Wenn Gott zur Frage wird

Spurensuche BETEN – Geistliche Impulse von Michael Kapeller über bedeutende Männer und Frauen des 20. Jahrhunderts

Tabernakel, Michaelskapelle in Seggauberg (© Foto: Michael Kapeller)
Tabernakel, Michaelskapelle in Seggauberg (© Foto: Michael Kapeller)

Diese Begegnung konnte Walter Dirks zeitlebens nicht vergessen. Im Herbst 1968 suchte er seinen ehemaligen Lehrer, Romano Guardini, in dessen Münchener Wohnung auf. Der bereits Dreiundachzigjährige war durch ein Nervenleiden geschwächt. Am Krankenlager vertraute Guardini seinem Freund eine Frage an, die zu einem Vermächtnis werden sollte: Er werde sich im letzten Gericht nicht nur fragen lassen, sondern er werde auch selbst fragen. Dabei hoffe er voll Zuversicht, dass ihm dann der Engel die Antwort auf diese Frage geben werde, die ihm kein Buch, auch die Schrift nicht, kein Dogma, kein Lehramt, keine Theologie – auch die eigene nicht – hat geben können:

Warum, Gott, zum Heil die fürchterlichen Umwege, das Leid der Unschuldigen, die Schuld?

Wenig später, am 1. Oktober, starb Romano Guardini. Über seinem Grab befindet sich die von ihm verfasste Inschrift: "Romano Guardini (1885-1968). Im Glauben an Jesus Christus und seine Kirche, im Vertrauen auf sein gnädiges Gericht." 
Die Frage nach dem Leid und nach Gott im Leid bleibt – ebenso die Zuversicht auf die Antwort durch den Engel.

Sehnsucht nach dem Norden

Das Leben Romano Guardinis war eingespannt zwischen seiner italienischen Herkunft und seinem Wirken in Deutschland.
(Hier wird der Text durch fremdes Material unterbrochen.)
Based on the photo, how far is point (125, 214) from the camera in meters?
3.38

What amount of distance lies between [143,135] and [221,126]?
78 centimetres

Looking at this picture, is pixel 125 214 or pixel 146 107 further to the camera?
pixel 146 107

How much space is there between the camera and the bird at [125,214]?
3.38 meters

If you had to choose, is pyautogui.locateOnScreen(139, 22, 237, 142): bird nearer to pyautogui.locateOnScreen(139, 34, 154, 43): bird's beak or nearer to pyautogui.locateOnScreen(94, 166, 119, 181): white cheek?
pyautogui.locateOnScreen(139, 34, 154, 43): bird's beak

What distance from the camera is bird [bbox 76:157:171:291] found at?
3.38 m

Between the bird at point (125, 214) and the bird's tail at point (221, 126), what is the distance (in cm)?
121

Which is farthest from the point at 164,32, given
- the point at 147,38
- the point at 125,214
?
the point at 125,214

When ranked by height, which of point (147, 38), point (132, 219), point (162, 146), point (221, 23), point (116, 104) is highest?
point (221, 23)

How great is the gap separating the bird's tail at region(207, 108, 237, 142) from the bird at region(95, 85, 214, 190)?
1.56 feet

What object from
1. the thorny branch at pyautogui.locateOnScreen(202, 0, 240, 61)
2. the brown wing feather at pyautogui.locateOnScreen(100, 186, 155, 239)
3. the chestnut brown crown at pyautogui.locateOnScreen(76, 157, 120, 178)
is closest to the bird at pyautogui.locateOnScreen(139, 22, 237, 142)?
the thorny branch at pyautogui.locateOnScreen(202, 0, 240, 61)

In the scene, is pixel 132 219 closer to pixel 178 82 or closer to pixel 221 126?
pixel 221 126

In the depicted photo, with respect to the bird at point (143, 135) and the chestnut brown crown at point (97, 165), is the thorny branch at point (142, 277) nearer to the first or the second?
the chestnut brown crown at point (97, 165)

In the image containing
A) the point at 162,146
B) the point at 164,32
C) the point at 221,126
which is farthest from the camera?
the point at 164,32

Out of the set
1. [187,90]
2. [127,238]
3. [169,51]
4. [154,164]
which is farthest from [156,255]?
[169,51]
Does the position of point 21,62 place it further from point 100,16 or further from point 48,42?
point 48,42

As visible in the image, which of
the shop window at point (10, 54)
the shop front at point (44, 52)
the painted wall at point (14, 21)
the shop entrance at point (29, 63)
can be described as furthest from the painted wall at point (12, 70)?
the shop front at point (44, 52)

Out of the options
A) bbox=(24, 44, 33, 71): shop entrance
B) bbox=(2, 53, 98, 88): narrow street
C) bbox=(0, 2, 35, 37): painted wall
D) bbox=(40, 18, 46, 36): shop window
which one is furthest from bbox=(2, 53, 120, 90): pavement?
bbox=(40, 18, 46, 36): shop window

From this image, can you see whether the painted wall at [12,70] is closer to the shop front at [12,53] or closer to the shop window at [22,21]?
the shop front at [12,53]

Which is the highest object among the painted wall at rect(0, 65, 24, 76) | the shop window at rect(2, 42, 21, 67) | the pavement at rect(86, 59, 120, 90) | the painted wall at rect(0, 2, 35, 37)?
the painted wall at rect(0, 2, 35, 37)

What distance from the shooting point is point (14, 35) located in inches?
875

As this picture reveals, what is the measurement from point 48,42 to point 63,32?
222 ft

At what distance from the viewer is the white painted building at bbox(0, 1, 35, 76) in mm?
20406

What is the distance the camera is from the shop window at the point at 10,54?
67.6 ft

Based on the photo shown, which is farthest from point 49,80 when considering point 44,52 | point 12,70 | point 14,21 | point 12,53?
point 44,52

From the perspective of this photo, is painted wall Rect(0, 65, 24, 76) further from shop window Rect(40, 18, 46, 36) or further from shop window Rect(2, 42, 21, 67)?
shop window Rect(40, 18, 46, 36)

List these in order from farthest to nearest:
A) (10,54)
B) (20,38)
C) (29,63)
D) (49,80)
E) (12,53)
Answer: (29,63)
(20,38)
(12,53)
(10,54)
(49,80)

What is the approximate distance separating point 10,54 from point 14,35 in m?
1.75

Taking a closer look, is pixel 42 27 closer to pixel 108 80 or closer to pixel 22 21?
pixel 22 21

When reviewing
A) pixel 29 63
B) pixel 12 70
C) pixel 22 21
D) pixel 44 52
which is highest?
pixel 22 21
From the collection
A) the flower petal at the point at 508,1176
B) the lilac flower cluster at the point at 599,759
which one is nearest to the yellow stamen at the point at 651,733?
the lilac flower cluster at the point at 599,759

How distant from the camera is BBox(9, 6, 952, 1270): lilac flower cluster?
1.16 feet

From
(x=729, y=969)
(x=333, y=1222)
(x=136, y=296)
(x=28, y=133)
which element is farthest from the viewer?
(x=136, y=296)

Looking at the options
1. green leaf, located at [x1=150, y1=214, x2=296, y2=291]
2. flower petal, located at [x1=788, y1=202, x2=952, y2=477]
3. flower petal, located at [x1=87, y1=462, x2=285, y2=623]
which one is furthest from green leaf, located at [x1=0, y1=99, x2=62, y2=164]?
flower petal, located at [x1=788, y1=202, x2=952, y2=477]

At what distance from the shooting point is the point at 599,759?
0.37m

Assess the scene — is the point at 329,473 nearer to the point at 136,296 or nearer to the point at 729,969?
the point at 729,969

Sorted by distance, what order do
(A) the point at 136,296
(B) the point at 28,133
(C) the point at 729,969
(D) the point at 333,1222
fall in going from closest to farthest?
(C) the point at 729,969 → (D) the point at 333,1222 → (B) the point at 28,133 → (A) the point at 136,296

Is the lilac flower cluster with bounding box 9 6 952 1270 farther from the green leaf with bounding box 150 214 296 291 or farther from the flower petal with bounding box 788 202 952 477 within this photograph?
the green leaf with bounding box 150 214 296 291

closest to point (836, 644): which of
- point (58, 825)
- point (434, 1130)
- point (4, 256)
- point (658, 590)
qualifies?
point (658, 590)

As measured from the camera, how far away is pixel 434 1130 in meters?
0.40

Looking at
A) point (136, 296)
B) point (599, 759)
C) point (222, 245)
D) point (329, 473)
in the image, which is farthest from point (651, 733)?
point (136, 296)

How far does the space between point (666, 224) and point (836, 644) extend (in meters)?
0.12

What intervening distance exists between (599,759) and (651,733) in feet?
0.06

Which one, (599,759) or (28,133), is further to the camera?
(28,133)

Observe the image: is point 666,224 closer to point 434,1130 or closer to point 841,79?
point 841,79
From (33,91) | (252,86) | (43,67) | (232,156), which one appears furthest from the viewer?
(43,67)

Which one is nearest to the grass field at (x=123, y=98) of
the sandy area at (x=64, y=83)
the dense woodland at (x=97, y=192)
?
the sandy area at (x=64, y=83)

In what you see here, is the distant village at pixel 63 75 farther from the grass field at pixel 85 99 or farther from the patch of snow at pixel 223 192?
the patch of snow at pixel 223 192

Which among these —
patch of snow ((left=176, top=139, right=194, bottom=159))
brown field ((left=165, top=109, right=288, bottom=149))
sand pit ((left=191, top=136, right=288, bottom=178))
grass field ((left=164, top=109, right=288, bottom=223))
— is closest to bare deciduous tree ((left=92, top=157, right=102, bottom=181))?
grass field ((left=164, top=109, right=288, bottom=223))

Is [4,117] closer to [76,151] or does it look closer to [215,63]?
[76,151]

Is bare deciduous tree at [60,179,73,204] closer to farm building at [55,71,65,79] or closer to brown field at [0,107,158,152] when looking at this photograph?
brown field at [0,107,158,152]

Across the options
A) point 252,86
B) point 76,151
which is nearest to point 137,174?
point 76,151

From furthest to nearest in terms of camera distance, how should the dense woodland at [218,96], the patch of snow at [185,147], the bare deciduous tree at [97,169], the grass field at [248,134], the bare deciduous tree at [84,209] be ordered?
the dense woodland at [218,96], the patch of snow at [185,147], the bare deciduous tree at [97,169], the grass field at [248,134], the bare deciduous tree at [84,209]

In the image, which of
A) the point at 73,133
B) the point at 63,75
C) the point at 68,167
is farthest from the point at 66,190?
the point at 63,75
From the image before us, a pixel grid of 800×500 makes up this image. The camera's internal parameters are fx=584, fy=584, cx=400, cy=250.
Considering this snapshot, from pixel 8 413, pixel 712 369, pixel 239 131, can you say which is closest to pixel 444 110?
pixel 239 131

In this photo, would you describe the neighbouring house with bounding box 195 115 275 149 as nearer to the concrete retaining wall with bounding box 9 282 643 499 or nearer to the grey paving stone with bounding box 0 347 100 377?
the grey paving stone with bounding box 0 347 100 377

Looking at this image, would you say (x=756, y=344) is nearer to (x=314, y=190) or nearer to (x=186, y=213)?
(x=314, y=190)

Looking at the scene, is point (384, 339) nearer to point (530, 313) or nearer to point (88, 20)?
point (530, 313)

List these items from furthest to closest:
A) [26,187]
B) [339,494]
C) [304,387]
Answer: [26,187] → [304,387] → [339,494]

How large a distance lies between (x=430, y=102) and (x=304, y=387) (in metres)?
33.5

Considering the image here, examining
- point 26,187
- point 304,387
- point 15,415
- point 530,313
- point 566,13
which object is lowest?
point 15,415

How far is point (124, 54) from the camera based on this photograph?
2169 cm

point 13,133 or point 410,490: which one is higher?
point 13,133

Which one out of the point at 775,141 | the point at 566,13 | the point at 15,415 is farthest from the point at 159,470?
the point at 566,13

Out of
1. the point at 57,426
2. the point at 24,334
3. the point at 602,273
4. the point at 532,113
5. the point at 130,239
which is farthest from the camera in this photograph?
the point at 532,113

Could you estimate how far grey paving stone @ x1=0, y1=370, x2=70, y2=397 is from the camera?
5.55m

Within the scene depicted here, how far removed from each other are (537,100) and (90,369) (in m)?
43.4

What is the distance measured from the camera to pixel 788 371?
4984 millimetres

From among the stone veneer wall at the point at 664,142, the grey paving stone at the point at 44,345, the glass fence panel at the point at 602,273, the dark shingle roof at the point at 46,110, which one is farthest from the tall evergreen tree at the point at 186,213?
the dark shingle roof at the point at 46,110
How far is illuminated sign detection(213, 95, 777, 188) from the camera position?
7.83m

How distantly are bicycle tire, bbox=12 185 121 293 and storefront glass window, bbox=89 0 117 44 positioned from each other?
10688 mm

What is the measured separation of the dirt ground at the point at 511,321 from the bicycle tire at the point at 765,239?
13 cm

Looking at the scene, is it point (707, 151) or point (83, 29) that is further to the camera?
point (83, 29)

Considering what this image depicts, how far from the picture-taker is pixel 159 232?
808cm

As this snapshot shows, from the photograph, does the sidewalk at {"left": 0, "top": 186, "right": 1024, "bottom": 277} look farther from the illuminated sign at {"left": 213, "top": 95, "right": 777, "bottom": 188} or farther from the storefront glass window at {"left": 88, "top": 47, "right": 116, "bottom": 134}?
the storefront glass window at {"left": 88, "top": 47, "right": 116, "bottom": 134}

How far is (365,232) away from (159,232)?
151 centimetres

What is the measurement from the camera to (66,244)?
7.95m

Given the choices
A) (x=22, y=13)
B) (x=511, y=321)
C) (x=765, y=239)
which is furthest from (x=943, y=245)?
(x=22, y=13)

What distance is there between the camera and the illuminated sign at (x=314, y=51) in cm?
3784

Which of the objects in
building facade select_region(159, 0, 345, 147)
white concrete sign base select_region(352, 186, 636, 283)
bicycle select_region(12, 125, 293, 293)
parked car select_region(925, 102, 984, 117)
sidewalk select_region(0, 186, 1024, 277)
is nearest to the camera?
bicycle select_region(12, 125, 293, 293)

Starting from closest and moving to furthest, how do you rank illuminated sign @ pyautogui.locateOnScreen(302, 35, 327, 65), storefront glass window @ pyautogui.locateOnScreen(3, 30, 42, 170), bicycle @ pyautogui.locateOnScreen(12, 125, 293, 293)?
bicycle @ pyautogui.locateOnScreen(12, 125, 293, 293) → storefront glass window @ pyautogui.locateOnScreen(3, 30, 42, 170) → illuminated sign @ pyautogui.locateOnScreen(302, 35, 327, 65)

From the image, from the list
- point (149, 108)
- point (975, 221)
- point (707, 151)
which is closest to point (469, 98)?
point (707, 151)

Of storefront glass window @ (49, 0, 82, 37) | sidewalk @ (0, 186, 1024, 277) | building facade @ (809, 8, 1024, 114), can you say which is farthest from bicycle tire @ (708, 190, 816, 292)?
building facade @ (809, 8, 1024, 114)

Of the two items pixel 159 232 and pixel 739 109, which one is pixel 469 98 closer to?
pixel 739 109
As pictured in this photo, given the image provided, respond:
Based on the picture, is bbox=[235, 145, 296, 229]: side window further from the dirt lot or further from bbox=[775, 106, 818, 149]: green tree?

Geboren wurde er 1885 als ältester von vier Söhnen eines erfolgreichen Importkaufmanns in Verona. Bereits 1886 übersiedelte die Familie berufsbedingt nach Mainz und kehrte erst 1919 – nach dem Tod des Vaters – nach Italien zurück. Romano selbst blieb in Deutschland, hielt sich später jedoch regelmäßig bei seiner Familie in Isola Vecentina auf. Nach seiner Gymnasialzeit versuchte sich Guardini als Student in Chemie und Staatswissenschaften. Beide Versuche endeten in einem Fiasko und stürzten den jungen Romano in eine schwere Lebens- und Glaubenskrise. Aus dieser Krise ging er jedoch gestärkt hervor; mit dem Entschluss Theologie zu studieren und Priester zu werden. Nach seiner Priesterweihe am 28. Mai 1910 im Mainzer Dom wirkte er zuerst als Kaplan und nach seiner Habilitation 1922 in Bonn als Universitätslehrer zuerst in Berlin, dann in Tübingen und schließlich in München. Dabei übernahm er nicht einen bestehenden Lehrstuhl, sondern begründete an den drei Universitäten den Fachbereich „Katholische Religionsphilosophie und Weltanschauung“. Als Theologe stellte er sich den Polaritäten des Lebens und Denkens und machte diese fruchtbar. Nicht selten war er mit seinen Überlegungen seiner Zeit einen Schritt voraus. Er überschritt vorgegebene Grenzen und führte seine Zuhörer/innen und Leser/innen in bislang ungeahnte Weiten und Tiefen.

Der Gegenwert des Lichts

Trotz des Zuspruchs den Guardini bei seinen Vorlesungen, Predigten und in der Öffentlichkeit erfuhr, blieb er als Mensch zurückhaltend, ja schüchtern. Immer wieder überfiel ihn eine Schwermut, die ihm selbst seinen Gottesglauben verdunkelte. Sein Gebet war oftmals ein Ringen gegen die Verzweiflung. Er rückte jedoch nicht ab. Selbst das Abgründige seiner Schwermut vermochte er noch denkend und betend Gott hinzuhalten. Dabei erfuhr er: Das Dunkel ist nicht der Feind es Lichtes, sondern sein Gegenwert. Es kündigt das Licht an und lässt es noch viel heller erstrahlen. Diesem Licht, Gott, vertraute er alles an – selbst noch seine letzte offene Frage.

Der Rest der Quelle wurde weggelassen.